But, when I got the school, only the cleaners were there and my requested display needs were no where to be seen. Feck!

Oh, and then I realised I'd left on the plane all the pretty paper for the display. At the time of this post, the airline has not found the very obvious grey cylinder above 5B where I was sitting!

Then, I get to the hotel which I'd stayed at before. I had specifically!!!! asked not to be on a room beside the road - cos the road is, like the MAIN road!!!

I was put in a lovely room which faces the main road. ARRGHHH. But, and this is why I continue to stay at The Windsor Hotel, Amargh street in Christchurch. At 9:30 pm I was found a quiet room - no fuss, much sorries and much smiles. I love this place!!

Then I discovered I'd brought the brown envelop which I'd thought contained the proofs for More English Basics only to discover it was an old envelope of the final proofs of Banquo's Son. That's was, like, so last year. Sigh! No chance of doing any proper work on the night before conference, eh?

So, though I cannot work on the third proofs nor the display, I am happy to be here even though I miss my husband and doggies back in Dunedin, my eldest in Powell River, Canada and my youngest over the Port Hills, in Akaroa.

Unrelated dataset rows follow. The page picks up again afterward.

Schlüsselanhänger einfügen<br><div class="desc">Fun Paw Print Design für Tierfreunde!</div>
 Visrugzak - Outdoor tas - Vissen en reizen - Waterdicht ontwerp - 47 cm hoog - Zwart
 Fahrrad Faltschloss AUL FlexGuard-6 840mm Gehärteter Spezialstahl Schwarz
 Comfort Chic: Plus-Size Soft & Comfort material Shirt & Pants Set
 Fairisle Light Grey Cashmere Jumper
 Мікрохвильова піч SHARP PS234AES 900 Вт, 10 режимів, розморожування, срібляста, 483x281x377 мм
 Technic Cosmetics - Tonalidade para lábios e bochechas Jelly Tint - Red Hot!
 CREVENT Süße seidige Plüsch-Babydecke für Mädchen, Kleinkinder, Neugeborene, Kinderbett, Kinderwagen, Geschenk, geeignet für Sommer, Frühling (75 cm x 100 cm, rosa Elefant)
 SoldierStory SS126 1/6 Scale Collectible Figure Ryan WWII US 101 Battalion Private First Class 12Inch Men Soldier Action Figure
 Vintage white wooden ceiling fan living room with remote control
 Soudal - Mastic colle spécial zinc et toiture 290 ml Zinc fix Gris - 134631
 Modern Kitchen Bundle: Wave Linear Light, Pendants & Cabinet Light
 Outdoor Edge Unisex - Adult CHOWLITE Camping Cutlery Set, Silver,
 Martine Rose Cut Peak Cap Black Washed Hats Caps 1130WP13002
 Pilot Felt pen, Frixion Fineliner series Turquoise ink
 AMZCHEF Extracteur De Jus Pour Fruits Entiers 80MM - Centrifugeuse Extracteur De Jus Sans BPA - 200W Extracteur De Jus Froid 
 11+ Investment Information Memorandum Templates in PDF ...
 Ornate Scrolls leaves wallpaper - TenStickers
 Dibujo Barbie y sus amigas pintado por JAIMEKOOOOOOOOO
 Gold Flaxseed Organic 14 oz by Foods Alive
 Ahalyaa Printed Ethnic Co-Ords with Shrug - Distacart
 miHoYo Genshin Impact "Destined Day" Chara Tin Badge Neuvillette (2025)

Me, this is too much for one day. I'm off to bed. The writing will happen later.

Monday, July 5, 2010

Getting into the groove for Book Three: Birthright

Read One day by David Nicholls - lost sleep. Tears. Writing time. House work time.

Watched Autumn Rush.

Lost time, tears and writing time

Off to English Conference tomorrow worried if my hands-on presentation will be of interest but also how to handle Flea's broken heart.

Wahhh. Think: Tess of the d'ubervilles. Think: Romeo and Juliet. Think; Wuthering Heights BUT BUT BUT I want a happy ending for my storing. Wahhhhh

Friday, July 2, 2010

Okay - I'm back again. Couldn't resist

Have been doing a lot thinking about this writing business. And, appreciating people like Maureen Crisp who trawls though cyberspace to bring us wonderful tidbits (many I pass onto my writing group).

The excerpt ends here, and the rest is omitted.